Ao contrário de São Paulo, na cidade do Rio de Janeiro as apresentações de caráter artístico estão permitidas desde setembro de 2018 nos vagões de trens e barcas. A lei sancionada permite que músicos, poetas e atores de teatro façam intervenções durante todo o período de funcionamento desses meios de transporte.
Vanessa Guelfi, 37, filha de Jefferson, foi para os trens do Rio de Janeiro há cerca de dois meses para conferir de perto como é trabalhar sem se preocupar com a segurança. Ela afirma que tem ganhado o dobro do que faturava nos vagões paulistanos.
As doações dos passageiros cariocas, contudo, têm que ser espontâneas. Os artistas não podem incomodar os usuários.
“As pessoas parecem ser mais receptivas à arte. Acredito que, pelo fato de os seguranças não retirarem os músicos dos vagões, os passageiros têm menos preconceito. Em São Paulo, quando você escuta nos alto-falantes para não dar esmolas aos pedintes profissionais, você se sente mal”
Vanessa Guelfi, música
Jefferson Guelfi espera que o exemplo do Rio de Janeiro seja seguido em São Paulo e tem tentado contato com parlamentares na Assembleia Legislativa de São Paulo (ALESP) para regularizar o trabalho dos músicos na Companhia.
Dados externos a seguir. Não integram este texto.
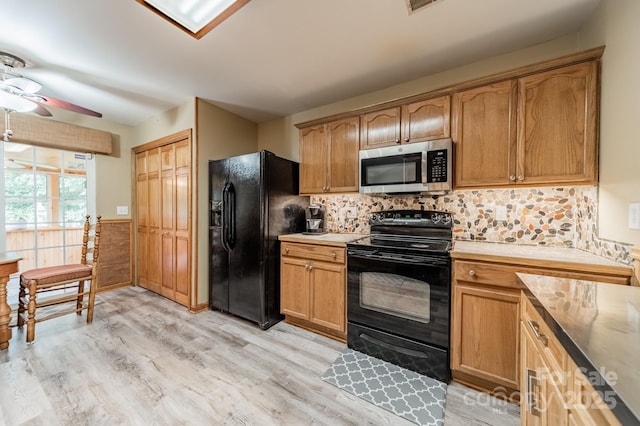 199 Ashmont Dr, Kannapolis, NC 28081 - kitchen featuring black appliances, ceiling fan, light wood-style floors, light countertops, and tasteful backsplash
“Temos um grupo que reúne artistas no WhatsApp. Sempre marcamos reuniões para conversar e articular quais serão os representantes dos músicos do Metrô na ALESP, e discutir cláusulas para um possível projeto de lei em São Paulo. Até o momento falamos com alguns deputados e apresentamos a lei do Rio de Janeiro. Um grupo se interessou, mas ainda não confirmaram nada. Esperamos que nossa causa seja apoiada”, finaliza.